On Wed, Jul 25, 2012 at 5:04 AM, Ferdy Galema <fe...@kalooga.com> wrote:
> I was experiencing aborted scans on certain conditions. In these cases I
> was simply missing so many rows that only a fraction was inputted, without
> warning. After lots of testing I was able to pinpoint and reproduce the
> error when scanning over a single region, single column family, single
> store file. So really just a single (major_compacted) storefile. I scan
> over this region using a single Scan in a local jobtracker context. (So not
> mapreduce, although this has exactly the same behaviour).
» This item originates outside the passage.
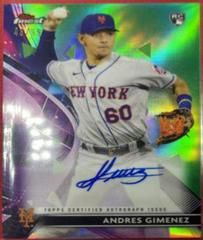 Andres Gimenez [Green Refractor] #FA-AG Baseball Cards 2021 Topps Finest Autographs Prices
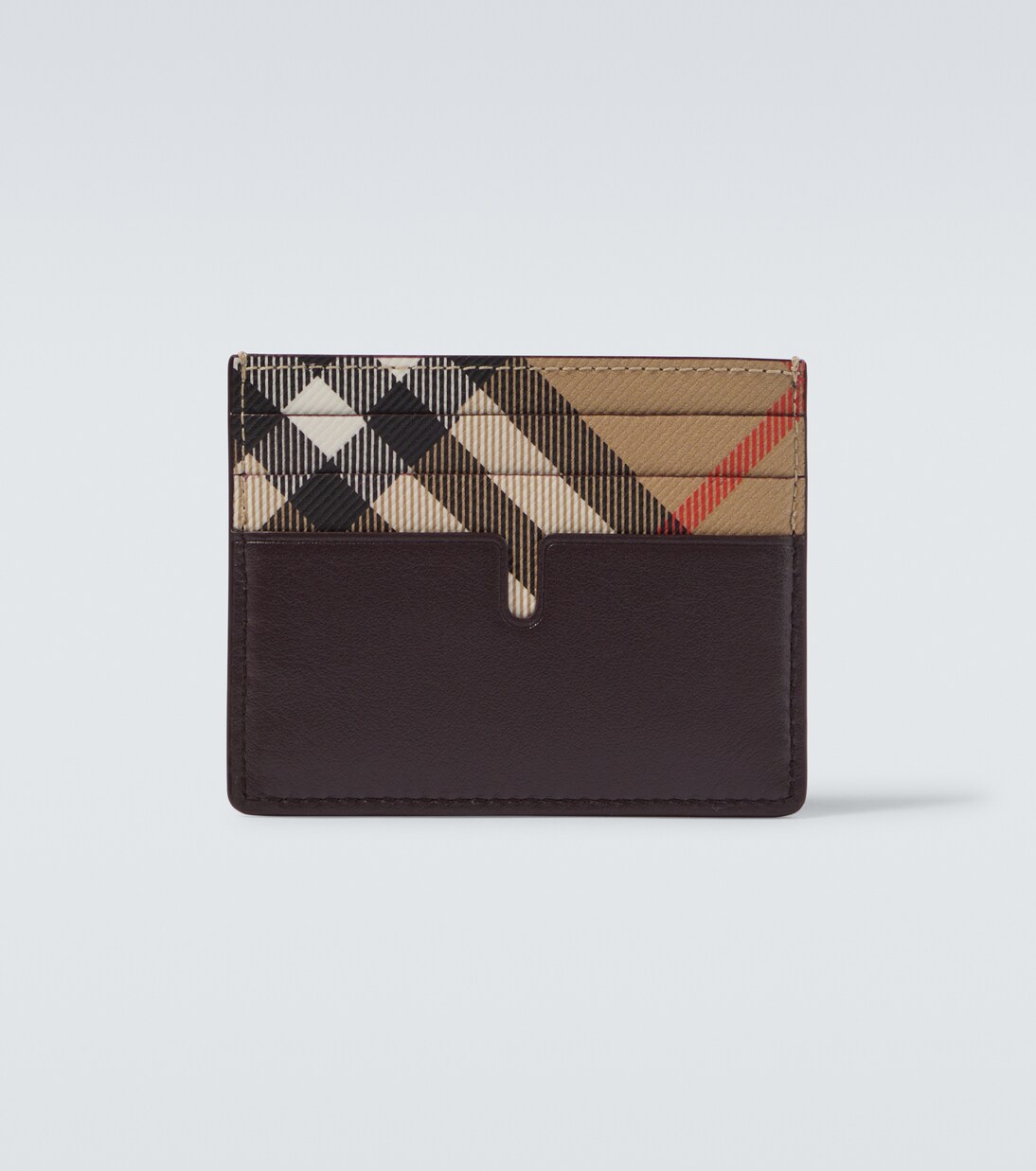 Burberry Check leather card holder | Burberry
Finally, I
> noticed the number of input rows is dependent on the
> hbase.client.scanner.caching property. See following example runs that
> scans over this region with a specific start and stop key:
>
> -Dhbase.client.scanner.caching=1
> inputrows=1506
>
> -Dhbase.client.scanner.caching=10000
> inputrows=1240
>
> -Dhbase.client.scanner.caching=1240
> inputrows=1506
>
> -Dhbase.client.scanner.caching=1241
> inputrows=1240
>
> This is weird huh? So setting the cache to 1241 in this case aborts the
> scan silently. Removing the stoprow yields the same amout. Setting the
> caching to 1 with no stoprow yields all rows. (Several hundreds of
> thousands).
>
> Neither the client nor the regionserver log any warning whatsoever. I had
> the hbase.client.scanner.max.result.size set to 90100100. After removing
> this property it all works like a charm!!! All rows are properly inputted,
> regardless of hbase.client.scanner.caching. As an extra verification I
> checked the regionserver for warnings that I would expect without this
> property and this seems to be the case:
> 2012-07-25 11:46:52,889 WARN org.apache.hadoop.ipc.HBaseServer: IPC Server
> handler 8 on 60
> 020, responseTooLarge for: next(-1937592840574159040, 10000) from
> x.x.x.x:39398: Size: 3
> 38.1m
> 2012-07-25 11:47:14,359 WARN org.apache.hadoop.ipc.HBaseServer: IPC Server
> handler 9 on 60
> 020, responseTooLarge for: next(-1937592840574159040, 10000) from
> x.x.x.x:39407: Size: 1
> 86.6m
>
> So, anyone know what this could be? I am willing to debug this behaviour at
> the regionserver level, but before I do I want to make sure I am not
> running into something that has already been solved. This is
> on hbase-0.90.6-cdh3u4, using snappy.